Liz Cheney, No. 3 GOP Leader, Will Vote to Impeach Trump

Liz Cheney, No. 3 GOP Leader, Will Vote to Impeach Trump

Rep. Liz Cheney Photographer: Tom Williams/CQ-Roll Call/Getty Images

Republican Liz Cheney, the No. 3 House Republican leader, said she will vote to impeach Donald Trump, a major split within the party after the president’s supporters stormed the Capitol last week.

“On Jan. 6, 2021 a violent mob attacked the United States Capitol to obstruct the process of our democracy and stop the counting of presidential electoral votes,” Cheney, of Wyoming, said in a statement. “The president of the United States summoned this mob, assembled the mob, and lit the flame of this attack. Everything that followed was his doing.”

Three other Republican House members, John Katko of New York and Adam Kinzinger of Illinois and Fred Upton of Michigan, also said Tuesday that they would back the impeachment of Trump.

The House is poised to vote as soon as Wednesday on a single article of impeachment accusing the president of inciting the mob that attacked the Capitol. Trump on Tuesday rejected taking any responsibility for the assault, which occurred after he addressed a rally near the White House.

Five deaths were connected to the storming of the Capitol, including a police officer. Some offices were ransacked and the rioters took pictures of themselves behind desks and standing on statues. Lawmakers, who had been in a joint session to certify Electoral College results that Joe Biden won the presidency, were forced to flee the House and Senate chambers.

House Speaker Nancy Pelosi welcomed Cheney’s decision and said more Republicans should follow her lead.

”Good for her for honoring her oath of office,” Pelosi told reporters. “Would that more Republicans would honor their oaths of office.”

Katko said he was proud to be the first Republican to say he’d vote for Trump’s impeachment and he expects more of his GOP colleagues to join him. Katko said his time as a federal organized crime prosecutor informed his way of viewing the case.

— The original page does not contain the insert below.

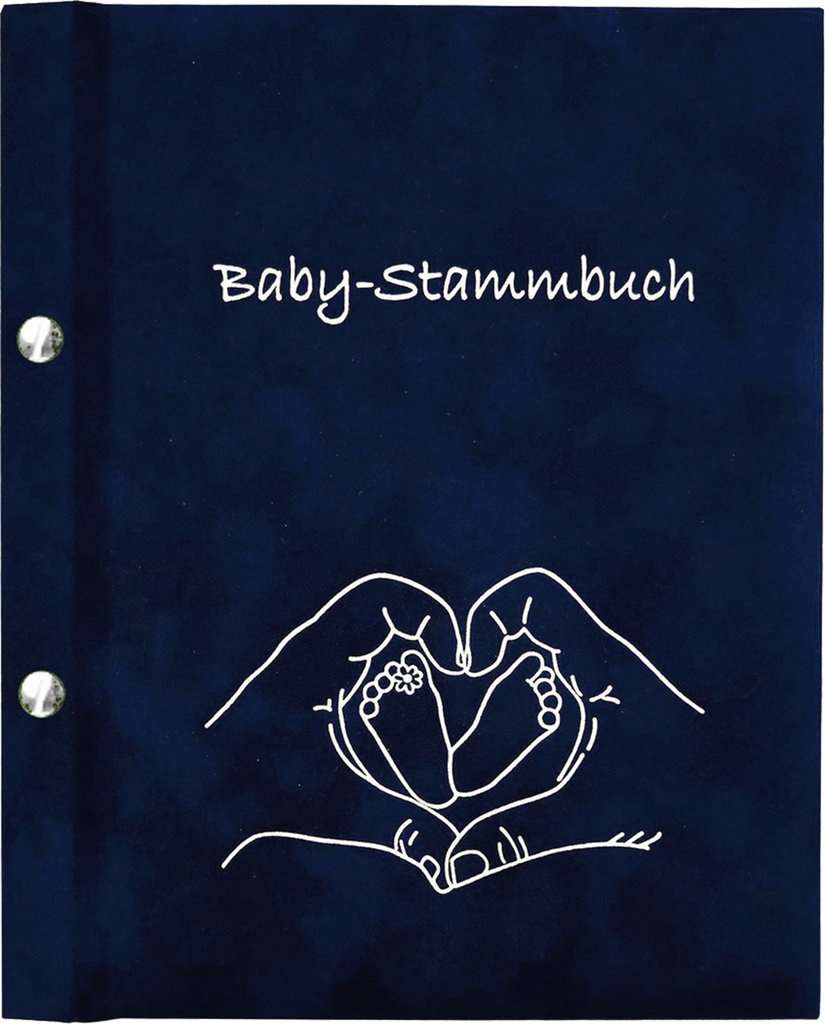 Baby-Stammbuch - PAULCHEN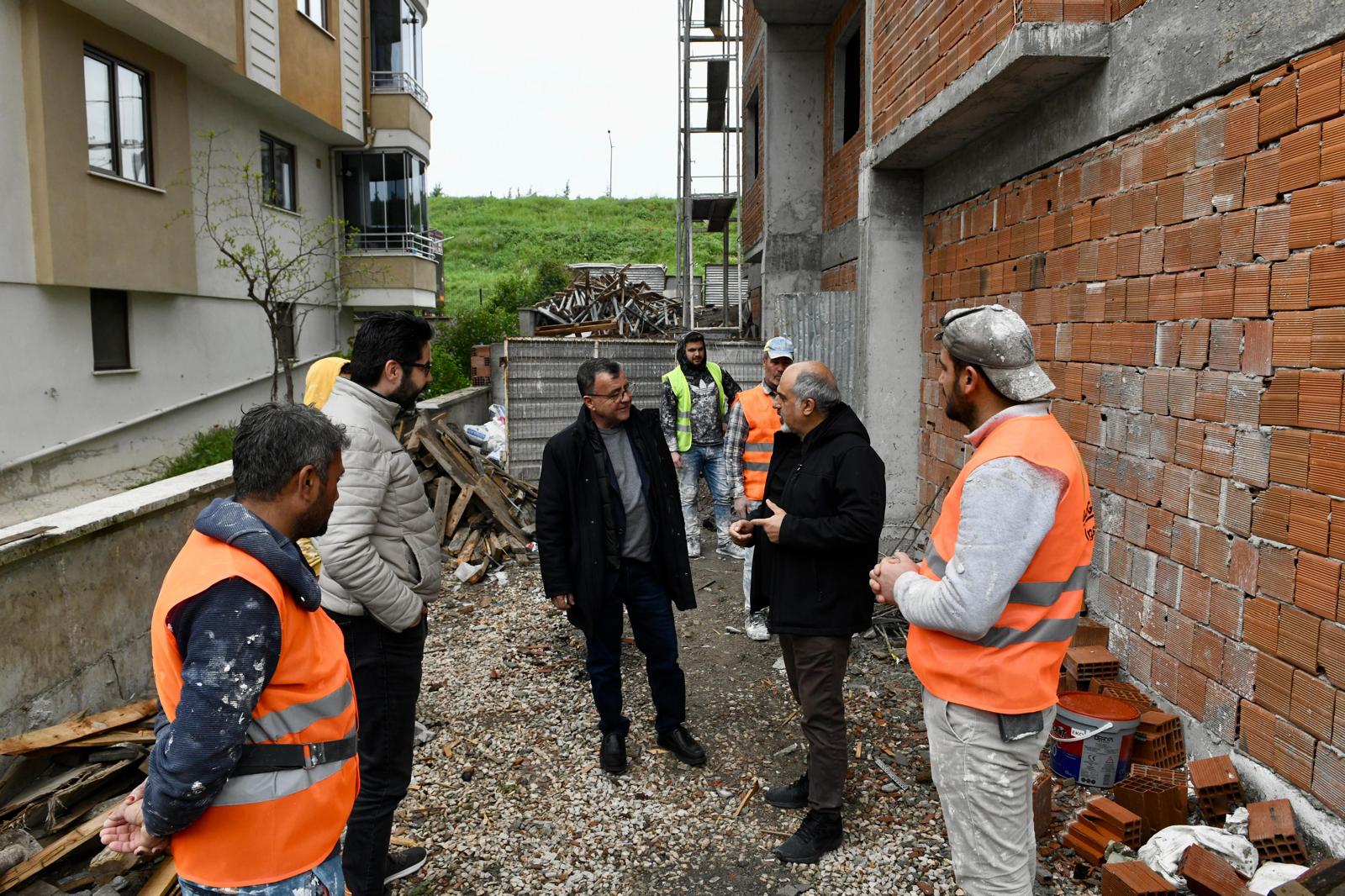 ALTIEYLÜL BELEDİYESİ’NDEN 2025’TE HİZMET SEFERBERLİĞİ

“When you get rid of all the politics and all the objections and everything else and just say, ‘Was there sufficient evidence for this to go to trial?’ There’s just no question my mind there was, and that’s what we’re deciding tonight and tomorrow,” Katko said in an interview.

Katko said that he was “profoundly affected” by learning that one of his former interns who now works as a Capitol Police officer was severely beaten in Wednesday’s attack. He said he expects some fallout from his decision. His district in upstate New York borders that of Representative Elise Stefanik, who has said she won’t support impeachment.

“Obviously I’m going against my party and I’m going against my president so I’m sure there’s going to be repercussions but you know what you got to do the right thing,” he said. “There’s many many times in my career as a prosecutor where I had to do the right thing despite tremendous pressure to the contrary, and this is another one of those.”

The four-page impeachment resolution includes a single article accusing Trump of “Incitement of Insurrection,” and says he “willfully made statements that, in context, encouraged — and foreseeably resulted in — lawless action at the Capitol.” It also cites Trump’s telephone call to Georgia’s secretary of state, Brad Raffensperger, urging that he “find” enough votes to overturn Biden’s win there.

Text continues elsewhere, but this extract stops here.